Provenance Verified against primary literature
Santurkar et al. (2018)Internal covariate shift does not explain BN; the active effect is a smoother loss landscape.
Yang et al. (2019)Disproves the Sec 3.3 conjecture that BN keeps layer-Jacobian singular values near 1.
Wu & He (2018) · Ioffe (2017)BN degrades at small batches; Group Norm and Batch Renorm address the batch dependence.
Shimodaira (2000)Origin of “covariate shift,” which the paper extends to a network’s internal layers.
Glorot & Bengio (2010)Xavier initialization (the paper prints the author order reversed, as “Bengio & Glorot”).
correctionThe paper’s headline mechanism, internal covariate shift, was later shown not to be why batch norm works (Santurkar et al. 2018): you can re-inject heavy distributional shift after a BN layer and it still trains fine. We present ICS as the original, now-contested motivation and add the modern loss-smoothing account alongside it.
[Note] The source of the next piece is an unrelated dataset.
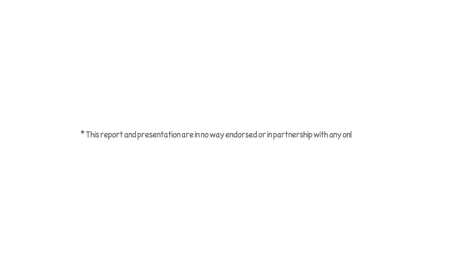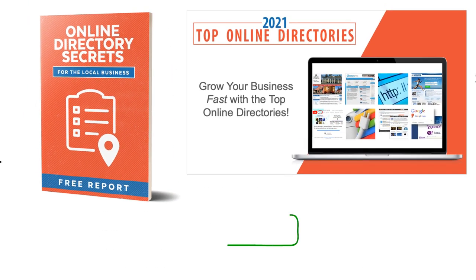This report and presentation are in no way endorsed or in partnership with any online directory. They are for educational purposes only. Simply complete the form on this page and download everything now.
We also keep the Section 3.3 “singular values near 1” claim marked as a conjecture the paper hedges and that Yang et al. (2019) disproved, and we keep training on the biased (÷m) variance while inference uses the unbiased (÷(m−1)) one, as the paper specifies.
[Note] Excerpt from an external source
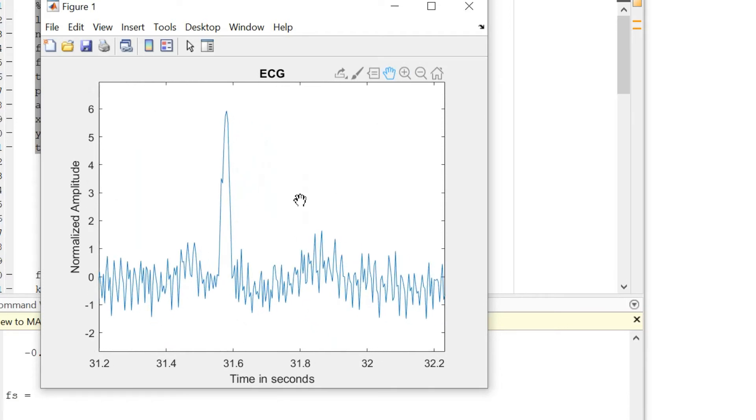Over here there is a simple comparison that you can make with the previous diagram that I had showed you.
Questions you might still have

?

If batch norm doesn’t reduce internal covariate shift, why does it work?
Later analysis (Santurkar et al. 2018) points at the optimization landscape: BN makes the loss and its gradients smoother, so a larger step still lands somewhere sensible. That lets you raise the learning rate, which is most of the speedup. The mean-0/variance-1 detail is not special; other normalizations help comparably.

?

Why does the layer need γ and β if normalization already standardizes everything?
Standardizing to mean 0, variance 1 would pin a sigmoid to its near-linear middle and throw away useful range. γ and β let the layer put any mean and spread back, and with γ = √Var[x], β = E[x] they recover the original activation exactly, so normalization never costs representational power.

?

Why use the biased variance in training but the unbiased one at test time?
During training you must normalize by the same statistic the gradient is computed through, which is the biased (÷m) batch variance. At inference you want the best estimate of the true population variance, so you use the unbiased (÷(m−1)) correction. Many frameworks instead keep a moving average of the biased variance and skip the correction; a practice gap, not an error.

?

Why does batch norm break with small batch sizes?
Each example’s output depends on the rest of its batch through the shared mean and variance. With few examples those statistics are noisy, and the gap between batch statistics (training) and frozen statistics (inference) widens, so accuracy drops. Batch-independent successors like Group and Layer Normalization avoid the batch entirely.

Footnotes & further reading

  1. The paper: Ioffe & Szegedy, Batch Normalization: Accelerating Deep Network Training by Reducing Internal Covariate Shift (Google, ICML 2015).
  2. The mechanism reckoning: Santurkar, Tsipras, Ilyas & Madry, How Does Batch Normalization Help Optimization? (NeurIPS 2018), the noise-injection experiment and the loss-smoothing account.
  3. The Section 3.3 conjecture, disproved at initialization: Yang, Pennington, Rao, Sohl-Dickstein & Schoenholz, A Mean Field Theory of Batch Normalization (ICLR 2019).
  4. The small-batch failure and batch-free fixes: Wu & He, Group Normalization; Ioffe, Batch Renormalization; and Ba, Kiros & Hinton, Layer Normalization.
  5. The scale-invariance descendant, effective-learning-rate tuning: van Laarhoven, L2 Regularization versus Batch and Weight Normalization, and Arora, Li & Lyu, Theoretical Analysis of Auto Rate-Tuning by Batch Normalization.
  6. Foundations the paper builds on: Shimodaira (2000) for the term "covariate shift," Glorot & Bengio (2010) for Xavier initialization, and the human-rater estimate from Russakovsky et al. (2014) (the ImageNet challenge paper).